Complete this assignment by by 4PM Wednesday Nov 19. Turn in your answers via email to vern@cs.berkeley.edu with the term Homework in the Subject.

This assignment is meant to lay the ground work for some class discussion about analysis techniques. It is fine for you to spend only a modest amount of time on it. Those of you either (1) presenting on Nov 20, or (2) putting together draft materials to post on Piazza on Nov 18 for your presentation the following week, can skip this assignment if you wish, given that I didn't provide much advance notice that it would be forthcoming. (Please send me a note if you're doing this so I track this correctly.)

  1. Download the Tweet timings dataset.

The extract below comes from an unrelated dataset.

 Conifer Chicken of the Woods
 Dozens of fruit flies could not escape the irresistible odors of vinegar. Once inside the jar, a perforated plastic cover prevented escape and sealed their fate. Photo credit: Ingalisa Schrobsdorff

This dataset consists of the timestamps of tweets sent by about 500 Twitter users, organized per-user.

  2. Briefly characterize the dataset and assess quality issues.

  3. The analysis question we would like to go after with this dataset is: To what degree can we confidently state whether some of the accounts reflect automated posting, rather than a user tweeting their thoughts as they compose them? (This question arose in the broader context of how much of Twitter's population is in fact robots rather than humans.)

    Briefly write up your thoughts on what sort of analyses you could undertake to assess this question. (Feel free to scope the effort as you see fit.) Include discussion of potential difficulties you foresee, and what other data/meta-data you wish the dataset included, if any. Be prepared to talk about your approach at the Nov. 20 class meeting.

  4. Optional: Present results (as far as you wish to pursue them) and conclusions developed by your analyses.
(As always, I welcome feedback on this assignment.)